### Try it
Across the entries, how many lines have the string "from" in them? Reply with only a number.
- - - -
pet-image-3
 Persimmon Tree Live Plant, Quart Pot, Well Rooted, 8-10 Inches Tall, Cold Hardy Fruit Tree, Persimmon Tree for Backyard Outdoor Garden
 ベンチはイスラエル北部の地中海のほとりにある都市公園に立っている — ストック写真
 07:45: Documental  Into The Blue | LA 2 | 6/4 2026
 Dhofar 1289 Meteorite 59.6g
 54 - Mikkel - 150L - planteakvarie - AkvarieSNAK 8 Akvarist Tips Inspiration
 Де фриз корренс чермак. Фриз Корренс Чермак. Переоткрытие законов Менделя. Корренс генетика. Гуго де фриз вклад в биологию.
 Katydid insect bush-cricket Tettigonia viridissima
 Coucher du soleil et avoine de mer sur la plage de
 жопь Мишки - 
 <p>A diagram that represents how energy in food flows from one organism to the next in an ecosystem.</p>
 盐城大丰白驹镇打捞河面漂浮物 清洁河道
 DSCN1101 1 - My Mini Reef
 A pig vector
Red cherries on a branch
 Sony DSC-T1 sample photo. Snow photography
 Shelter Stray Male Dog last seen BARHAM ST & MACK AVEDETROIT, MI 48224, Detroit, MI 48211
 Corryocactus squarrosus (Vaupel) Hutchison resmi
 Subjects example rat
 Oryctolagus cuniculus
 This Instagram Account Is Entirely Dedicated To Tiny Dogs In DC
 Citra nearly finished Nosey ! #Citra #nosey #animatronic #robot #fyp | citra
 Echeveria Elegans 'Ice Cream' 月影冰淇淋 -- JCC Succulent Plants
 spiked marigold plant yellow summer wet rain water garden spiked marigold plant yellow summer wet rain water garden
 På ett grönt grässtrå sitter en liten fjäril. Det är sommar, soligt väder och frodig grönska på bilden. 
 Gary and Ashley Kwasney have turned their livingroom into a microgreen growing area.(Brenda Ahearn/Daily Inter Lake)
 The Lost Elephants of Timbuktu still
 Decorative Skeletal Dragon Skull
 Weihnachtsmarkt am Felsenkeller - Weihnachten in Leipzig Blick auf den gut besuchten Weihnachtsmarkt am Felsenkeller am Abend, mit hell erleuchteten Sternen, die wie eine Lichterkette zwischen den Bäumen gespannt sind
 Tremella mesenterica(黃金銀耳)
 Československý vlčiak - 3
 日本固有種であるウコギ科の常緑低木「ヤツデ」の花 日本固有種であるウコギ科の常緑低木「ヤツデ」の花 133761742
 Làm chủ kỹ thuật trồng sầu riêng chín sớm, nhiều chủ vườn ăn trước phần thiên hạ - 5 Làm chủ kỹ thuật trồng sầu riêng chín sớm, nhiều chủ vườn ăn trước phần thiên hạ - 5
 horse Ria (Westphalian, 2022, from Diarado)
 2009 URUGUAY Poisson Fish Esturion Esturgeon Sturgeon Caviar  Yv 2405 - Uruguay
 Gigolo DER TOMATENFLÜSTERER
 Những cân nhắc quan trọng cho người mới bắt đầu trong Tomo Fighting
- - - -
### Solution
2